To further validate these observations, we measured the amount of H3.1-GFP and H3.3-mRFP in each nucleus combined with its position along individual cell files. Importantly, while the amount of H3.3 relates to the ploidy level, we observed that H3.1 incorporation paralleled that of H3.3 in each endocycle round, ruling out the possibility that the H3.1 decrease results from a progressive lack of incorporation (Figure 4F). The decrease in the GFP signal at the onset of full differentiation confirms that H3.1-GFP is efficiently evicted from chromatin, most likely by replacement with H3.3. Together, these data reveal the extensive chromatin reorganization that relies on a large H3.1/H3.3 exchange at the end of the endoreplication program and the onset of terminal differentiation.

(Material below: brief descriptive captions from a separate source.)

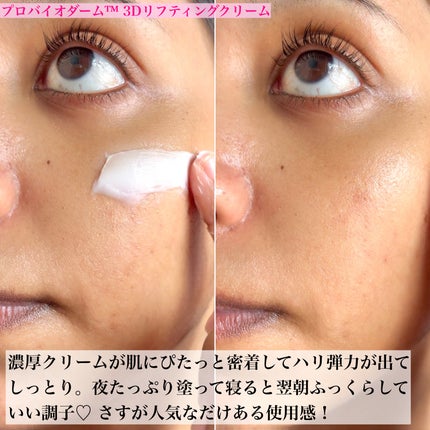 バイオヒールボ プロバイオダーム 3Dリフティングクリーム/BIOHEAL BOH/フェイスクリームを使ったクチコミ(7枚目)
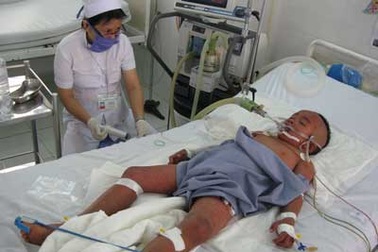 Cứu sống cháu bé bị sốt xuất huyết nặng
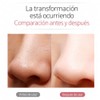 Limpiador Facial Ultrasónico Skin Scrubber con Espátula Kit Limpieza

To answer whether the developmental domains defined by the cell division potential and the H3.1/H3.3 ratio are affected when H3.1 incorporation is impaired, we used fas1 plants, carrying a mutation in the large subunit of the DNA replication-dependent H3.1 chaperone CAF-1 (Exner et al., 2006; Ramirez-Parra and Gutierrez, 2007b). Among other phenotypic features, fas1 cells exhibit a strong G2 cell cycle arrest and a premature onset of the endocycle program that leads to a systemic increase in nuclear ploidy (Ramirez-Parra and Gutierrez, 2007a) and reduced root and shoot apical meristems (Kaya et al., 2001). Still, some cells escape the G2 arrest and undergo mitosis, although with various degrees of chromosomal aberrations, allowing growth of viable plants. There was an overall decrease in H3.1 incorporation (Figures 5A and 5B) and an abnormal increase of H3.3 in chromocenters (Figures 5C and 5D). In spite of the protracted RAM of fas1-4 plants as a consequence of a highly reduced cell division potential, the longitudinal zonation pattern was maintained. Thus, cells undergoing their last cell cycle and cells at the end of the endocycle program were also characterized by a change in the H3.1/H3.3 ratio (Figure 5E). This result in the fas1 mutant, together with the data using the htr1,2,3,9 histone mutant, reveals the robustness of the root developmental domains identified herein based on the H3.1/H3.3 ratio since the cell population and H3 dynamics are maintained even when H3.1 and its chaperone are altered. Furthermore, given the reduced proliferation and increased differentiation phenotype of fas1 mutant cells, our results reinforce the idea of a correlation between high levels of H3.3 (or reduced levels of H3.1) concomitant with cell differentiation.

Figure 5.

Figure 5.

H3 Dynamics in Wild-Type and fas1-4 Mutant Roots.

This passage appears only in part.